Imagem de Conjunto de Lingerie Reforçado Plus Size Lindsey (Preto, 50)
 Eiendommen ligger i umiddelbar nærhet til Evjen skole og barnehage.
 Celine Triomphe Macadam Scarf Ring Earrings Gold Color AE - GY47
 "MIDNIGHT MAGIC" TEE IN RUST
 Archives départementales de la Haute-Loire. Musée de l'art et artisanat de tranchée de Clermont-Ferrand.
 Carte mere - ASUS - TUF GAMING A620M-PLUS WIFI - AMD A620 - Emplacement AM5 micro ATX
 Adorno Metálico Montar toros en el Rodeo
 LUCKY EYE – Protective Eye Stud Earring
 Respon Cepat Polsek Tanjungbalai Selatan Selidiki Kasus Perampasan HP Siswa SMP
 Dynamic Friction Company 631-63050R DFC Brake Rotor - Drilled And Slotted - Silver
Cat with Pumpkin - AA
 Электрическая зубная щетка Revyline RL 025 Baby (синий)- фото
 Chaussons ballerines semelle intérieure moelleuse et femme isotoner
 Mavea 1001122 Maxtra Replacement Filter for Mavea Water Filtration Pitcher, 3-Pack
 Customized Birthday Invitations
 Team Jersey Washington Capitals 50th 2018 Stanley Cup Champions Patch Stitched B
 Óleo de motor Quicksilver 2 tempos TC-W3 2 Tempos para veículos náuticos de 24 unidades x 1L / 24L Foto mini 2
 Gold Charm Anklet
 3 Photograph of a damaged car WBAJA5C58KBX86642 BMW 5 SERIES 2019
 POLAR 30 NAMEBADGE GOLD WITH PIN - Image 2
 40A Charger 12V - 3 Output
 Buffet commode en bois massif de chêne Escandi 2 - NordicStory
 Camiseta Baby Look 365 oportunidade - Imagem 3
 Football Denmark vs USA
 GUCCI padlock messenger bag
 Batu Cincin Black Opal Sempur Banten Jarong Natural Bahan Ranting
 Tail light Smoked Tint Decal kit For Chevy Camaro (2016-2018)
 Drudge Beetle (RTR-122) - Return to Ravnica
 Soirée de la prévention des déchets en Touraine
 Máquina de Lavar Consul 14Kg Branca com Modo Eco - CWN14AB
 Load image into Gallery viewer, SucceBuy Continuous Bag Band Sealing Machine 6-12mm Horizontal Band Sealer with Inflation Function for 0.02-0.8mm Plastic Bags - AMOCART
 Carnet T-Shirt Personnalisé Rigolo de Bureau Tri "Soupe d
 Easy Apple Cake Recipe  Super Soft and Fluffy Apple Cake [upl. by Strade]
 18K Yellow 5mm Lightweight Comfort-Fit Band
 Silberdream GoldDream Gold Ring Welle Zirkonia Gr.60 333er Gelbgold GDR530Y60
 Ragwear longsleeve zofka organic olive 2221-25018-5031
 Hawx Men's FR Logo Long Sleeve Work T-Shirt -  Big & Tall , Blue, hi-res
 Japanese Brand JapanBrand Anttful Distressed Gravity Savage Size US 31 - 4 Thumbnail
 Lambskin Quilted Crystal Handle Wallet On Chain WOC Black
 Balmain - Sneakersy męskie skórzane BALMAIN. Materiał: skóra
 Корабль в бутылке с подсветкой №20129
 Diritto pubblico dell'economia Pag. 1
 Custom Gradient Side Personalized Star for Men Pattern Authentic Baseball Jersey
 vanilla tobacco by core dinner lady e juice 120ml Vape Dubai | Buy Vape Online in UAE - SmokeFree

#### What is required
What is needed is every line of the records that contains the word "Baby".

#### Exercise solution
 Электрическая зубная щетка Revyline RL 025 Baby (синий)- фото
 Camiseta Baby Look 365 oportunidade - Imagem 3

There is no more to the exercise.